-------- Records shown
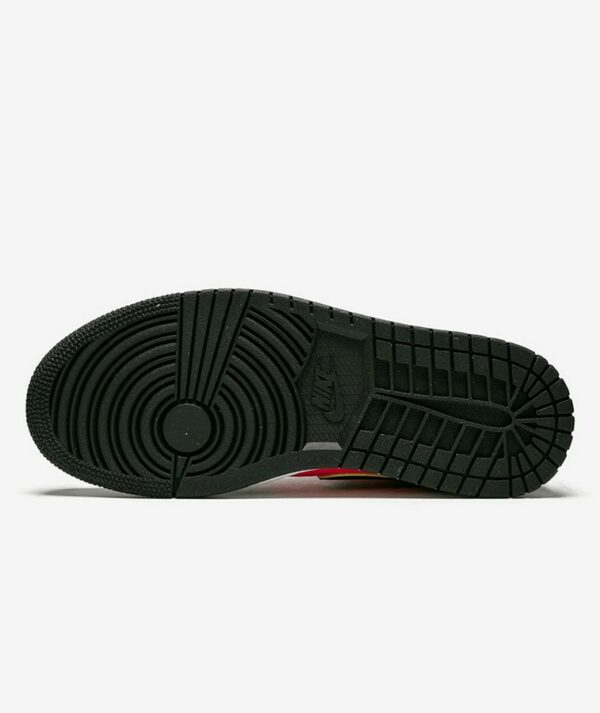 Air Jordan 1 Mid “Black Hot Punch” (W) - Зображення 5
----------------
-------- Records shown
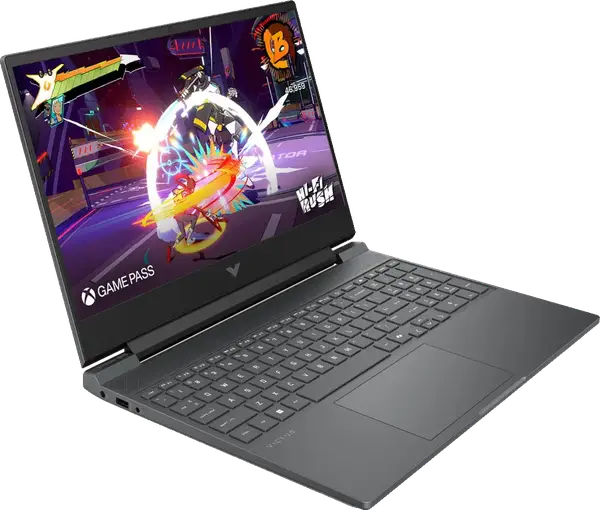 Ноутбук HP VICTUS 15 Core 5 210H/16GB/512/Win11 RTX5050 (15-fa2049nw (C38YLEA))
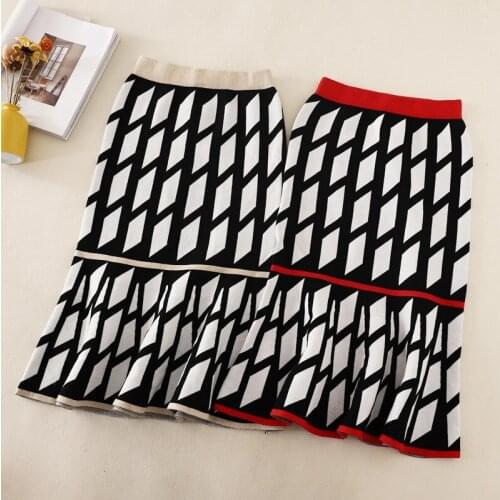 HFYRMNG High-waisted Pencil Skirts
----------------
-------- Records shown
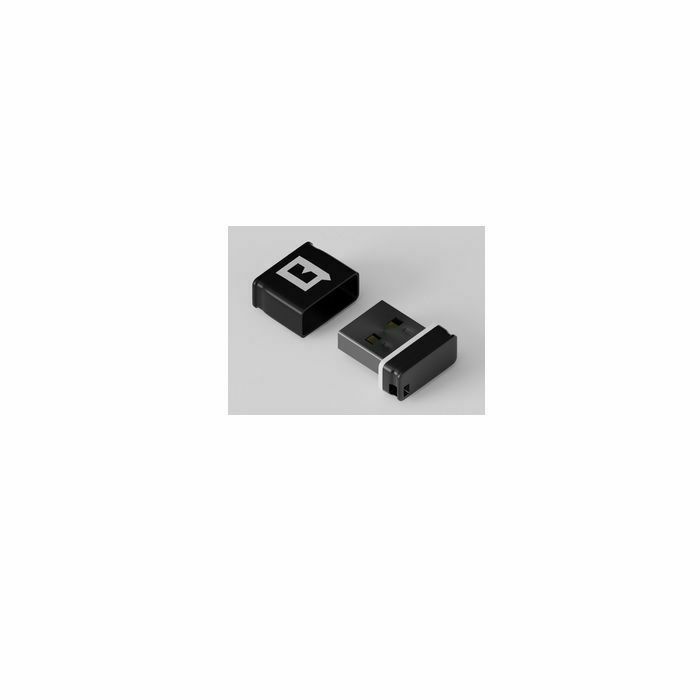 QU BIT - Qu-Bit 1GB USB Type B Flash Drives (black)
----------------
:: The problem ::
Look through the listing above for the line with "Ноутбук HP VICTUS" and the line with "HFYRMNG High-waisted Pencil Skirts". Write out exactly those lines and everything between, leaving out pictures.

:: Solution to this task ::
 Ноутбук HP VICTUS 15 Core 5 210H/16GB/512/Win11 RTX5050 (15-fa2049nw (C38YLEA))
 HFYRMNG High-waisted Pencil Skirts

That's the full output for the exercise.